Posted Feb 16, 2023 22:24 UTC (Thu) by bluca (subscriber, #118303) [Link]

I am specifically referring to signature checks. There is a school of thought (not related to the composefs work, recently I had to object to a proposal to remove/deprecate kernel signature support for fs-verity) that says it's enough to verify a verity roothash signature in userspace, and then later pass the verity object to the kernel for opening and using. To me this seems like a textbook case of toctou waiting to happen...

Debating composefs

Posted Feb 16, 2023 19:10 UTC (Thu) by jhoblitt (subscriber, #77733) [Link] (3 responses)

Regardless of the outcome, I'm pleased to see attention to container start up times. I have a significant workload that uses 20GIB OCI images.

Debating composefs

Posted Feb 17, 2023 12:14 UTC (Fri) by benlongo (guest, #132381) [Link] (1 responses)

I’m curious what comprises that 20G - is it data or all binaries?

Debating composefs

Posted Feb 18, 2023 21:58 UTC (Sat) by jhoblitt (subscriber, #77733) [Link]

There is some test data but it is mostly internally built conda packages.

Debating composefs

Posted Feb 21, 2023 13:29 UTC (Tue) by amarao (guest, #87073) [Link]

If someone makes containers starting 10 times faster, someone will definitively find idea of running whole zoo of images at once attractive, and we will have 200Gb of images with the same start time constrains as now.

Debating composefs

Posted Feb 17, 2023 2:37 UTC (Fri) by hsiangkao (guest, #123981) [Link] (2 responses)

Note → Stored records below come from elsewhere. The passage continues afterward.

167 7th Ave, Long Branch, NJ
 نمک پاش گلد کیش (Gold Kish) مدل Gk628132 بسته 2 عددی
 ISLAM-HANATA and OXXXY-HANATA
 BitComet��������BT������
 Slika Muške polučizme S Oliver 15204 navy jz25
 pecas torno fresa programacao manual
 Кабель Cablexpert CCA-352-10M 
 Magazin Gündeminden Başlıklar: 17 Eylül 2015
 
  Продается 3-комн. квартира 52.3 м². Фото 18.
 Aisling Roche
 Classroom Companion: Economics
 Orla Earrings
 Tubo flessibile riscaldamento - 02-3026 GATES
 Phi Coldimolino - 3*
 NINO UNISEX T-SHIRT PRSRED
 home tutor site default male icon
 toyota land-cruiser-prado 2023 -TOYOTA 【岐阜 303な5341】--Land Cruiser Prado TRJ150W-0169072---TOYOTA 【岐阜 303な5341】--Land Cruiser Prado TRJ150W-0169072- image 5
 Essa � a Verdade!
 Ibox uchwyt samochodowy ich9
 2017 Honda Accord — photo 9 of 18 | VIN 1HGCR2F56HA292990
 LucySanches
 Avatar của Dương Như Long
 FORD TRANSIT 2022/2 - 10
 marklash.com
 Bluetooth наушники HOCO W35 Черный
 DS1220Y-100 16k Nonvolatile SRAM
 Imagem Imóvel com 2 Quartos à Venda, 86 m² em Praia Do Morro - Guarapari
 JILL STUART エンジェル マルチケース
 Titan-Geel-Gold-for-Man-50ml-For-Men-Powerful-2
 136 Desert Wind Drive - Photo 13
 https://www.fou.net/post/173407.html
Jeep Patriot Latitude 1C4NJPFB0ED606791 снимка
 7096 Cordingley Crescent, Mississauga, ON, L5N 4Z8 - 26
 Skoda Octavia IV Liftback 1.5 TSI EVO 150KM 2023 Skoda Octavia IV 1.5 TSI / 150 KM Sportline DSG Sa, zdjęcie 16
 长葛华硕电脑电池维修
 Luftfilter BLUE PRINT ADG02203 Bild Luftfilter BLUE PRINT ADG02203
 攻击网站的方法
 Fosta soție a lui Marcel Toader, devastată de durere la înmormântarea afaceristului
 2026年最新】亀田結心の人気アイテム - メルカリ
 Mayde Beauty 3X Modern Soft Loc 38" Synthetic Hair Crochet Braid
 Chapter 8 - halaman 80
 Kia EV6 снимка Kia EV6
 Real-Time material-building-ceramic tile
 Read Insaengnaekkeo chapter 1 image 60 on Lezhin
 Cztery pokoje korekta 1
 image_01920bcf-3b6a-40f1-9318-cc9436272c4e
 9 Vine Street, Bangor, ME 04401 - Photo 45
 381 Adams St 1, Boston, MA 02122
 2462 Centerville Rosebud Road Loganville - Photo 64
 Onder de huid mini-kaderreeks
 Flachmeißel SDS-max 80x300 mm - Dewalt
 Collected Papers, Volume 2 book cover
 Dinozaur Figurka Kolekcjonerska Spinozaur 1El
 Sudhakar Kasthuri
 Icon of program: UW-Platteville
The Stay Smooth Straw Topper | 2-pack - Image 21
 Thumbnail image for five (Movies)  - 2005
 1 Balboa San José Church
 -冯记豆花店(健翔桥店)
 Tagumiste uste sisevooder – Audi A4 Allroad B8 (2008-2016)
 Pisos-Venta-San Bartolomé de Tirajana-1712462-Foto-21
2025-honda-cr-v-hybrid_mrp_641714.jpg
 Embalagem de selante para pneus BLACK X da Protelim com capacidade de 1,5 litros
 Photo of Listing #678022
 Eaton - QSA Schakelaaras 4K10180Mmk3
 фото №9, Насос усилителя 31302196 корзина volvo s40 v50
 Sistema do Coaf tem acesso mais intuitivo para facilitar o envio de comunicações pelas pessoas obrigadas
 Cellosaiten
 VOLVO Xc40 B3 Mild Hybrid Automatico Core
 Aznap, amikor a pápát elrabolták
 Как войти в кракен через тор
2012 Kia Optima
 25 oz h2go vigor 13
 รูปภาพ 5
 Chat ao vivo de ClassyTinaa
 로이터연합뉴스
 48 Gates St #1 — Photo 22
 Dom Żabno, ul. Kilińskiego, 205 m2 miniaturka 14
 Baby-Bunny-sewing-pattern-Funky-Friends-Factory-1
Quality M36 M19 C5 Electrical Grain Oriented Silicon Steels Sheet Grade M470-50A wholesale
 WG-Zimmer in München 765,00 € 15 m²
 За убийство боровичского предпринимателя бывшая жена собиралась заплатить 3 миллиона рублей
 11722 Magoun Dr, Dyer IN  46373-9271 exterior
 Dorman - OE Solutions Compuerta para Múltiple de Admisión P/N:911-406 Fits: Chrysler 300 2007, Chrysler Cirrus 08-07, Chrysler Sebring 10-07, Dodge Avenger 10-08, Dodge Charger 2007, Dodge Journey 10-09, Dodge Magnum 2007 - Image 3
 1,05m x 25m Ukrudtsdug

> This filesystem, which is designed for embedded, read-only operation, already has fs-verity support.

Some little correction:
"Currently, EROFS doesn't have a self-contained fs-verity like other local filesystems, but we'd like to support it later with some further discussion (like we'd like to provide a choise to verify bdev inodes or likewise rather than a regular inode). since it could make merkle-tree built-in (Alexander Larsson have pointed out they also may dislike DM distribution) and shipped together with block/non-block-device (like pmem or file-based, or later mtd-based) cases.

EROFS is not only designed for embedded use cases in the beginning and we've always landed EROFS+fsdax for secure containers (kata-containers) and EROFS+fscache for runC containers. Nydus is just one of a current user-space example for such container use cases, but EROFS filesystem can also be used without Nydus as well."

I really would like that (one day) in-kernel iomap infrastructure finally would support block-based, file-based distribution, and finally it could have a friendly connection with fscache + cachefiles to support in-kernel caching in addition to netfs. That makes the whole things less fragmented (many users don't like loopback devices for whatever reasons) and simplify the current EROFS fscache implementation a lot.

Debating composefs

Posted Feb 17, 2023 19:22 UTC (Fri) by bluca (subscriber, #118303) [Link] (1 responses)

Is in-memory deduplication on your road map? E.g., imagine two processes running from two different EROFS images, that happen to both contain the exact same libc6. It would be really nice if only one copy of said libc6 was held in memory.

Debating composefs

Posted Feb 18, 2023 0:58 UTC (Sat) by hsiangkao (guest, #123981) [Link]

Yes, we’ve already sent several versions of this feature,
https://lore.kernel.org/linux-fsdevel/20230203030143.7310...

Due to lunar new year vacation, I don’t have enough slot to review it. We have to delay it for the next merge window.